There are near-term decisions that must be made in response to the federal law. Do we expand the Medicaid program? Do we set up a state health insurance exchange? Those issues can be debated, but the discussion should not stop there. We should never stop asking ourselves, what can we do to boost productivity and quality in Virginia’s health care system?
The General Assembly took one important step earlier this year when it created the Virginia All-Payer Claims Database with the goal of facilitating “data-driven, evidence-based improvements in access, quality, and cost of health care” by analyzing spending patterns and the performance of different providers. Aside from setting up an Advisory Board on Health Care Data Reporting, it is not clear from the description of the legislation how the data will be used. But there can be little doubt that better data will help drive better results.
And that brings us to an idea discussed in the Wall Street Journal today, “How to Stop Hospitals from Killing Us.” Author Marty Makary writes that a quarter of all hospitalized patients will be harmed by a medical error of some kind. “If medical errors were a disease, they would be the sixth leading cause of death in America — just behind accidents and ahead of Alzheimer’s.”
Makaray says that every hospital should have an online information dashboard that makes public its rates of infection, readmission, surgical complications and inexcusable errors, such as leaving a surgical sponge inside a patient. According to the limited experience so far, he says, “Nothing makes hospitals shape up more quickly than this kind of public reporting.”

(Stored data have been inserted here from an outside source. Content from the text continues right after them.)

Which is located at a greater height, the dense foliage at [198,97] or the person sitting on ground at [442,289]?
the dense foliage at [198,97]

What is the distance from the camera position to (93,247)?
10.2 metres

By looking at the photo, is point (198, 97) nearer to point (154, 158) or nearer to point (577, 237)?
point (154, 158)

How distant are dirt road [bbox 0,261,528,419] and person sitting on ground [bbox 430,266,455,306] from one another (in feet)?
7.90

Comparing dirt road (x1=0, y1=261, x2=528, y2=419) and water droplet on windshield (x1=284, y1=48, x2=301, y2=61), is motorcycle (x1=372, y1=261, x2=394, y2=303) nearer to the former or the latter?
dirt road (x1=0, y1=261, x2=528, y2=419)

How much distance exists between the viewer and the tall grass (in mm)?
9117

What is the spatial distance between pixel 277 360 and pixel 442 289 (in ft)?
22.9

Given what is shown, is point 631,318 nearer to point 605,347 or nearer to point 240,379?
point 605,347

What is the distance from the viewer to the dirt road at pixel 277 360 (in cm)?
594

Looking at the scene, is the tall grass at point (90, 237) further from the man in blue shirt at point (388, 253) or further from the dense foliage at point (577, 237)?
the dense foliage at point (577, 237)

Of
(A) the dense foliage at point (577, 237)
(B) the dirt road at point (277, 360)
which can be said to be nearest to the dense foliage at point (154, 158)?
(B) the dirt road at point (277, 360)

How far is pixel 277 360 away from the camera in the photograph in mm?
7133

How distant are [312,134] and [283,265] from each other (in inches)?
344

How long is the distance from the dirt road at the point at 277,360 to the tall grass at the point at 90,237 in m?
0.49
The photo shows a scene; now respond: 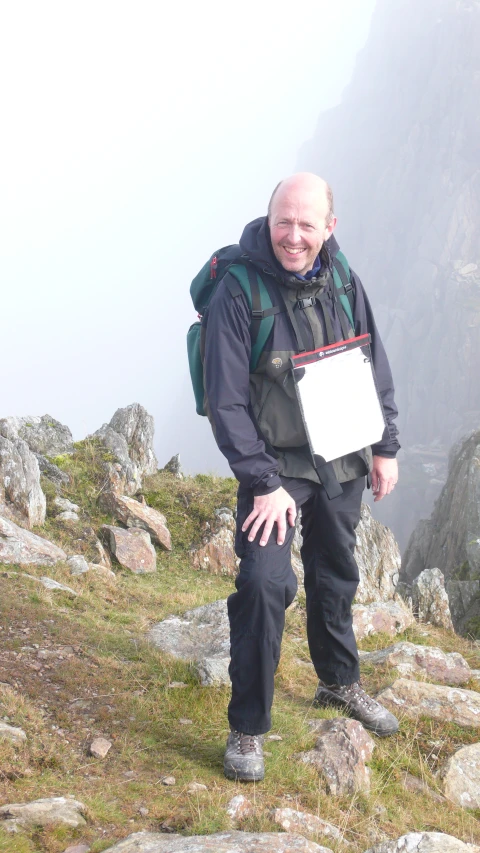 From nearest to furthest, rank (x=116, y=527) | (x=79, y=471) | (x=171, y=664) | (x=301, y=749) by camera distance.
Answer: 1. (x=301, y=749)
2. (x=171, y=664)
3. (x=116, y=527)
4. (x=79, y=471)

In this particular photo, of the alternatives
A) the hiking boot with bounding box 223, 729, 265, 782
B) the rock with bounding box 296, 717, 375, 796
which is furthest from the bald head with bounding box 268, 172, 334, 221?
the rock with bounding box 296, 717, 375, 796

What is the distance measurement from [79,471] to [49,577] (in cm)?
381

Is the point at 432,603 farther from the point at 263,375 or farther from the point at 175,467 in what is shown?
the point at 263,375

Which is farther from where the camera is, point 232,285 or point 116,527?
point 116,527

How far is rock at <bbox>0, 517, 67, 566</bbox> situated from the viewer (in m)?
7.82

Virginia should take the lead in getting hospitals to report quality data like this, along with price data for common procedures. The health care marketplace cannot function without price and quality data to empower consumers (or for insurance companies working on their behalf) to make informed decisions. The main question worth debating is whether the state should mandate the reporting of the data or if there is a way to coax the industry into implementing the standards voluntarily.
Makary also recommends the use of video cameras to ensure compliance with best practices during surgery, and even in rest rooms to ensure that employees wash their hands (the single-most effective method of preventing the spread of disease). Sounds like a great idea. The hospital industry may have other thoughts, but it’s certainly worth discussing.

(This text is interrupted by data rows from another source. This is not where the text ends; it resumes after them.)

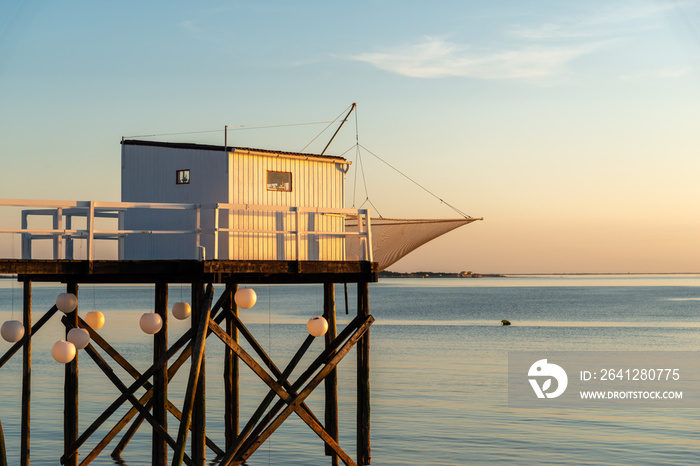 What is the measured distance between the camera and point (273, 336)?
67625 millimetres

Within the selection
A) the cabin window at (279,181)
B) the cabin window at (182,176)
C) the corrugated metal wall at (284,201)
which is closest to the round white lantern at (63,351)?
the corrugated metal wall at (284,201)

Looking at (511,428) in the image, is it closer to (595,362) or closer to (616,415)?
(616,415)

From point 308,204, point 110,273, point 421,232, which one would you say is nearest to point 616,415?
point 421,232

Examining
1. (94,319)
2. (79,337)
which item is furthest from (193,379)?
(94,319)

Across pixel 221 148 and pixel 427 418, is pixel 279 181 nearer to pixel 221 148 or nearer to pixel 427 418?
pixel 221 148

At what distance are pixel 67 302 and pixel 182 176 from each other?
4070mm

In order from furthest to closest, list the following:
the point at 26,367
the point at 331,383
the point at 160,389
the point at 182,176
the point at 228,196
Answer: the point at 331,383
the point at 182,176
the point at 26,367
the point at 228,196
the point at 160,389

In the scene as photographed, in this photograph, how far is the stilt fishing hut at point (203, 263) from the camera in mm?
17406

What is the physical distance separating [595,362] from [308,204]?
1260 inches

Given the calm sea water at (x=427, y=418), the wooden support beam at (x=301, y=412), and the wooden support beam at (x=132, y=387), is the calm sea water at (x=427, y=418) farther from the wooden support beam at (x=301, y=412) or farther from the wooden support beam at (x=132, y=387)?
the wooden support beam at (x=301, y=412)

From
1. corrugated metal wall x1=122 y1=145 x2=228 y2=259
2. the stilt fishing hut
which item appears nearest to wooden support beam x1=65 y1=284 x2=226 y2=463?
the stilt fishing hut

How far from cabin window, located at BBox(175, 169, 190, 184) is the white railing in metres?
0.77

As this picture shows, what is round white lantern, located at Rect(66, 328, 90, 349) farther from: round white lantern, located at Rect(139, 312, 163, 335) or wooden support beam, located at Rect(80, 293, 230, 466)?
round white lantern, located at Rect(139, 312, 163, 335)

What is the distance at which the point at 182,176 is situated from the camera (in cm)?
2073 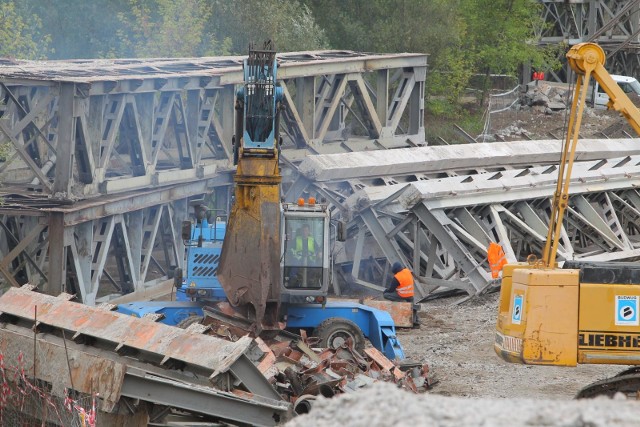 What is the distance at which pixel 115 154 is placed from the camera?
2344cm

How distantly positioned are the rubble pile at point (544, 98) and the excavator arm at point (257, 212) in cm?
3190

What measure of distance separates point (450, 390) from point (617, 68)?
42.1 metres

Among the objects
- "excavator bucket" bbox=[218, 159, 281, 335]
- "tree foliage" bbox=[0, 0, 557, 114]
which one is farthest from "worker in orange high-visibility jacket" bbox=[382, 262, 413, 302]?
"tree foliage" bbox=[0, 0, 557, 114]

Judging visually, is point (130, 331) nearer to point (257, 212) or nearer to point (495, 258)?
point (257, 212)

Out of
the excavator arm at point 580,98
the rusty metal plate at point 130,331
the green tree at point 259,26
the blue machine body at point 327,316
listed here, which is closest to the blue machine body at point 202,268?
the blue machine body at point 327,316

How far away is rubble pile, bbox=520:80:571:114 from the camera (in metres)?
47.7

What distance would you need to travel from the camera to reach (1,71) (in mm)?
19172

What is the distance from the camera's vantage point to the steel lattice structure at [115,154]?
62.7 feet

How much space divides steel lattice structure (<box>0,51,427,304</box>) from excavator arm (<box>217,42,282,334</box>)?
369 cm

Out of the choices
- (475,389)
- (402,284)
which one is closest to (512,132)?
(402,284)

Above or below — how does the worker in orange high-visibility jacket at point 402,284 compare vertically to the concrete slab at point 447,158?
below

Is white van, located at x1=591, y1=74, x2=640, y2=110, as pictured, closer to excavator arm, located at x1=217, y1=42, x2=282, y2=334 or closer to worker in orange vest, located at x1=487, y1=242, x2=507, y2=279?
worker in orange vest, located at x1=487, y1=242, x2=507, y2=279

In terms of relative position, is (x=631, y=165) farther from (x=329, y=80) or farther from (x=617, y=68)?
(x=617, y=68)

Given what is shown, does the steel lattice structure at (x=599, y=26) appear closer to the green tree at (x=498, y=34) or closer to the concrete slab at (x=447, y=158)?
the green tree at (x=498, y=34)
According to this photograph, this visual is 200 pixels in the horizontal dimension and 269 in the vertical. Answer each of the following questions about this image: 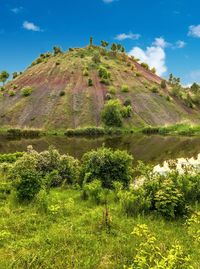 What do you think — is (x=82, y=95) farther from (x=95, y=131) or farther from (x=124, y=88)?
(x=95, y=131)

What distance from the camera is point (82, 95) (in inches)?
3824

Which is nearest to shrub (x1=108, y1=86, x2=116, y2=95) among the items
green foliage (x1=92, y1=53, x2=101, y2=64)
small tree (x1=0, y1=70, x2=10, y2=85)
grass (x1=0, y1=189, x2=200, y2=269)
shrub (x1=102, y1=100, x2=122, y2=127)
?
shrub (x1=102, y1=100, x2=122, y2=127)

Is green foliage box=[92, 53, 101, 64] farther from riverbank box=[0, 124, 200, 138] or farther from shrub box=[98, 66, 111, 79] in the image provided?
riverbank box=[0, 124, 200, 138]

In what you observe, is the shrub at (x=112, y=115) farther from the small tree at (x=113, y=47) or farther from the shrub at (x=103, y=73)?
the small tree at (x=113, y=47)

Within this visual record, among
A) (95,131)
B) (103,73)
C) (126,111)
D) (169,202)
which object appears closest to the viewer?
(169,202)

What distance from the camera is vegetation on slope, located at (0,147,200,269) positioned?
10.3 meters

Obamacare has many abominable features — it imposes taxes, fees and levies out the wazoo, it adds regulations and mandates out the ying-yang and it will trigger a massive influx of new patients — all of which will drive up health care costs. Even though the law appears increasingly likely to survive, Virginia does not have to sit by passively as our health care industry staggers under the burden. We still have some latitude to pursue our own vision of what health care should look like. Instead of weeping in our beer, we should take maximum advantage of the opportunities left to us.